▸ **WHAT YOU ARE ASKED TO DO**:
Please return the lines below verbatim, beginning at the one that has "The second way" and stopping after the one that has "Alright, this is", and add no other lines.

▸ **RECORDS PROVIDED**:
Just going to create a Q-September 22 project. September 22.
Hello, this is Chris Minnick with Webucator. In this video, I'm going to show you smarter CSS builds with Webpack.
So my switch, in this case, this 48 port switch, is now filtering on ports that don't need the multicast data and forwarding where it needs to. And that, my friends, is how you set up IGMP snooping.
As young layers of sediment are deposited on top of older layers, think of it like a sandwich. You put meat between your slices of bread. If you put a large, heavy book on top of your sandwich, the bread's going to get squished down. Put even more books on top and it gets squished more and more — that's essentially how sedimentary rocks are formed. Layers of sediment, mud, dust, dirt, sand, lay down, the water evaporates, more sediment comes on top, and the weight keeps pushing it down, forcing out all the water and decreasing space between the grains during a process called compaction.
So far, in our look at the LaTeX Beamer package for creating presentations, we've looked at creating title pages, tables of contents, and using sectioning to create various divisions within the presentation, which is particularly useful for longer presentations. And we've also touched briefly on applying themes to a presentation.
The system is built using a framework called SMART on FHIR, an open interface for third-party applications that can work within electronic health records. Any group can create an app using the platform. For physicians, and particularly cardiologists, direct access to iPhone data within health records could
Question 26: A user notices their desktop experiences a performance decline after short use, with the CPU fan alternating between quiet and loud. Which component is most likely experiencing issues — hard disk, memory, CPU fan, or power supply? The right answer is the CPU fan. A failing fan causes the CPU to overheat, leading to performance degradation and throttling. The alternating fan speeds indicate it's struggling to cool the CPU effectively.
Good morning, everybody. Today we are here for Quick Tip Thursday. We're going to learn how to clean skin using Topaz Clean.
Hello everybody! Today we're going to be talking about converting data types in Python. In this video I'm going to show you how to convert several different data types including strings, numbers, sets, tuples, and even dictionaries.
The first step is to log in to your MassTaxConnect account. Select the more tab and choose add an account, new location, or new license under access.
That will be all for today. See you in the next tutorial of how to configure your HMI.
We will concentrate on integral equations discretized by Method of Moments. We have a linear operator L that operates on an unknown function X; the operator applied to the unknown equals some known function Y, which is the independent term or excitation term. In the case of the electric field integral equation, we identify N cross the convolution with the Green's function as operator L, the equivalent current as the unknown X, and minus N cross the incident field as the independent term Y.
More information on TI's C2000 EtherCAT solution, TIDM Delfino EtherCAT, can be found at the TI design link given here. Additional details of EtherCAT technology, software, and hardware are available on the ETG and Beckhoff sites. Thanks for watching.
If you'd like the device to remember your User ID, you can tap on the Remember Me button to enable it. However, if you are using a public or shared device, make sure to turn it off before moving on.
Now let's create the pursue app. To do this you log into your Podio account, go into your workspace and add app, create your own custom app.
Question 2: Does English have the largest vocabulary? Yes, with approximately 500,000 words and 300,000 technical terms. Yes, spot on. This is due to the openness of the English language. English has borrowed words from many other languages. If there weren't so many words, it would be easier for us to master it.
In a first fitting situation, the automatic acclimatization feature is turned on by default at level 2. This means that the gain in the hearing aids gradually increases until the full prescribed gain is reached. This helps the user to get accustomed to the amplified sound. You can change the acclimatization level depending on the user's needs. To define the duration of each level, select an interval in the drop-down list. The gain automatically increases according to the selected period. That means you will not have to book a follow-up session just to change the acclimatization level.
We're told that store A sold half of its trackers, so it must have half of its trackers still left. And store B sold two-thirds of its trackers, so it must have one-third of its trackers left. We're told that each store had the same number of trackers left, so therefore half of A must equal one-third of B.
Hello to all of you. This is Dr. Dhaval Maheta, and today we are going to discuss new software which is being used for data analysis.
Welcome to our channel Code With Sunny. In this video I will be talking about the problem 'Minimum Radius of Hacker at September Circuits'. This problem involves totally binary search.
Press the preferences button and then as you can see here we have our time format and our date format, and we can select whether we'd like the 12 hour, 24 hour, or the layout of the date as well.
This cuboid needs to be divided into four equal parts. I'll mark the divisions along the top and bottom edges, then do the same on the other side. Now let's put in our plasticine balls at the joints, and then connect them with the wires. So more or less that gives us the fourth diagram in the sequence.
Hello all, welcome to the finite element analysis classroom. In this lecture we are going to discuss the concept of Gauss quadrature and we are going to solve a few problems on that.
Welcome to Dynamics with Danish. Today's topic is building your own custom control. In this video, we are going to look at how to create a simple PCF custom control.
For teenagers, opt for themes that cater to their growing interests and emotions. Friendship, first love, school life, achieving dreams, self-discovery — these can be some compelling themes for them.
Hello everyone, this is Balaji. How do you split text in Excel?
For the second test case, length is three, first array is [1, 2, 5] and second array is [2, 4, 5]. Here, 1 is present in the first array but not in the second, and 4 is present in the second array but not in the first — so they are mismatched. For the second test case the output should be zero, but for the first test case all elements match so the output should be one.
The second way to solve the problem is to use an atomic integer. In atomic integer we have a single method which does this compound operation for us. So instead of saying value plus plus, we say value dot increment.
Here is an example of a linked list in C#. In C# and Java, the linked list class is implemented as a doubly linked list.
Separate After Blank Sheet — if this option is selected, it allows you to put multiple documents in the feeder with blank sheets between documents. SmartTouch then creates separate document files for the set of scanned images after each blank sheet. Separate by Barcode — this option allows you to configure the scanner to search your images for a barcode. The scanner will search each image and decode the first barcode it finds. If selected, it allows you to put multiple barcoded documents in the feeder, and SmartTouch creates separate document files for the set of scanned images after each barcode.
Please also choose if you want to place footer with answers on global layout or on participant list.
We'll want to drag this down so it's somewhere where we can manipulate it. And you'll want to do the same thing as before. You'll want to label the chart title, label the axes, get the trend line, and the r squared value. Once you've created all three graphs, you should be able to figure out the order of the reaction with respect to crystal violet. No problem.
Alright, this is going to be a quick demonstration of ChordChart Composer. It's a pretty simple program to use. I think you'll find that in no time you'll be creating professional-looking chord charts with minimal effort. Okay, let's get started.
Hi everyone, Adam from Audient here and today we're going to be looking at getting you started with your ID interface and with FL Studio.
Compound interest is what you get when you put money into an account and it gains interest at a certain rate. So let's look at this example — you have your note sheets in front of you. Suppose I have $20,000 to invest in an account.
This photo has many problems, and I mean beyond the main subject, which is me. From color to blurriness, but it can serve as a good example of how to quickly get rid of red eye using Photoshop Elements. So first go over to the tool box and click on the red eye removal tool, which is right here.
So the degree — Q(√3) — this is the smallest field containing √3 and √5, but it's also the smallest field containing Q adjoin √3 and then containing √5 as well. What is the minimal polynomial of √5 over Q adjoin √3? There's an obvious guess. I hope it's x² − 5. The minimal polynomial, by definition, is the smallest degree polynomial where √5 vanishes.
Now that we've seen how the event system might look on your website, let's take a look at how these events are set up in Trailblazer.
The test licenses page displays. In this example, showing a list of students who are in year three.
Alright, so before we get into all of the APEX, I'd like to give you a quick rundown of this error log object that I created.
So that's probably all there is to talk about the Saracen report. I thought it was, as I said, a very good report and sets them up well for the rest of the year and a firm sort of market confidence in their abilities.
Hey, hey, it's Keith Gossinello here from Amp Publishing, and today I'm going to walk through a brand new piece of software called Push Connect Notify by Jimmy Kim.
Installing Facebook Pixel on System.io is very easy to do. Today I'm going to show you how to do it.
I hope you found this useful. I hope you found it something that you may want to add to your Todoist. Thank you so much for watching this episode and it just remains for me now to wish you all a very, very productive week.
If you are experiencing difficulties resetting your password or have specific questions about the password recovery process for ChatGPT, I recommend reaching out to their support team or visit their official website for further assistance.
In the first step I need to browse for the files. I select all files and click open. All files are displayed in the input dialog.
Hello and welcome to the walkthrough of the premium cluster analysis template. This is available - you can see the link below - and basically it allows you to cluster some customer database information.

▸ **WRITTEN SOLUTION**:
The second way to solve the problem is to use an atomic integer. In atomic integer we have a single method which does this compound operation for us. So instead of saying value plus plus, we say value dot increment.
Here is an example of a linked list in C#. In C# and Java, the linked list class is implemented as a doubly linked list.
Separate After Blank Sheet — if this option is selected, it allows you to put multiple documents in the feeder with blank sheets between documents. SmartTouch then creates separate document files for the set of scanned images after each blank sheet. Separate by Barcode — this option allows you to configure the scanner to search your images for a barcode. The scanner will search each image and decode the first barcode it finds. If selected, it allows you to put multiple barcoded documents in the feeder, and SmartTouch creates separate document files for the set of scanned images after each barcode.
Please also choose if you want to place footer with answers on global layout or on participant list.
We'll want to drag this down so it's somewhere where we can manipulate it. And you'll want to do the same thing as before. You'll want to label the chart title, label the axes, get the trend line, and the r squared value. Once you've created all three graphs, you should be able to figure out the order of the reaction with respect to crystal violet. No problem.
Alright, this is going to be a quick demonstration of ChordChart Composer. It's a pretty simple program to use. I think you'll find that in no time you'll be creating professional-looking chord charts with minimal effort. Okay, let's get started.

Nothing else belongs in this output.